Manovra, nel 2019 stop all'aumento dell'età della pensione per 14.600

Elevate a 15 le categorie di "lavori gravosi" tutelate rispetto alle 11 previste nell'Ape social. Previsto per il primo anno un costo di 100 milioni e nel triennio fino al 2021 quasi 385 milioni.

Il governo ha presentato in Senato l'emendamento alla Manovra sulle pensioni. La proposta riguarda "i lavoratori addetti ad attività gravose" e "lo sviluppo della previdenza complementare, conseguenti al confronto tra governo e organizzazioni sindacali del 21 novembre, si legge nell'intestazione.

Nel 2019 saranno esonerate dall'aumento dell'età pensionabile a 67 anni 14.600 persone impegnate in lavori "gravosi". Previsto per il primo anno un costo di 100 milioni e nel triennio fino al 2021 quasi 385 milioni.

Rispetto alle 11 categorie di "lavori gravosi" previsti dall'ape social diventano 15 le categorie tutelate e che vengono esentate dall'innalzamento automatico dell'età pensionabile a 67 anni dal 2019, sia per quanto riguarda le pensioni di vecchiaia che quelle di anzianità.
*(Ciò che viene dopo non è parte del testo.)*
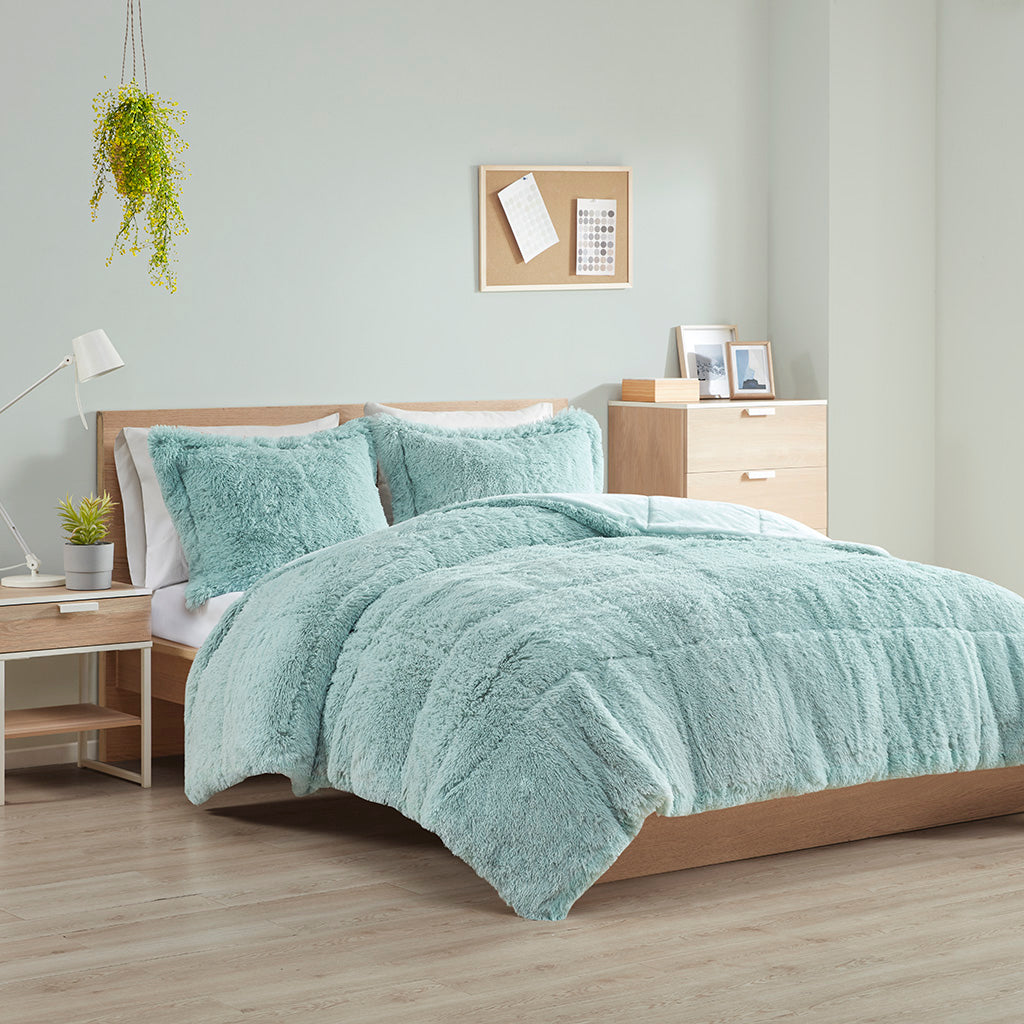 Malea Shaggy Faux Fur Comforter Mini Set - Aqua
Si aggiungono infatti quattro categorie, come anticipato dal governo al tavolo con i sindacati, che sono quelle degli gli operai dell'agricoltura, della zootecnica e pesca; i pescatori dipendenti o soci di cooperativa; lavoratori del settore siderurgico di prima e seconda fusione e lavoratori del vetro addetti a lavori ad alte temperature; marittimi imbarcati a bordo e personale viaggiante dei trasporti marini ed nelle acque interne.

Adeguamento alla speranza di vita

L'emendamento contiene, tra l'altro, alcuni ritocchi al meccanismo di adeguamento dei requisiti di accesso al pensionamento agli incrementi della speranza di vita, in linea con l'esito del tavolo tra governo e sindacati (bocciato dalla Cgil).

  • "l'assunzione per il calcolo dell'adeguamento della media della speranza di vita nel biennio di riferimento rispetto a quella del biennio precedente";
  • "l'assorbimento di un'eventuale riduzione della speranza di vita relativa al biennio di riferimento da portare in riduzione dell'adeguamento successivo";
  • "la fissazione di un limite massimo di tre mesi per ciascun adeguamento futuro, da riassorbire nell'ambito dell'adeguamento successivo qualora sia registrato un incremento inferiore".

La disposizione, si precisa, vale "esclusivamente con riferimento agli adeguamenti biennali decorrenti dal 2021.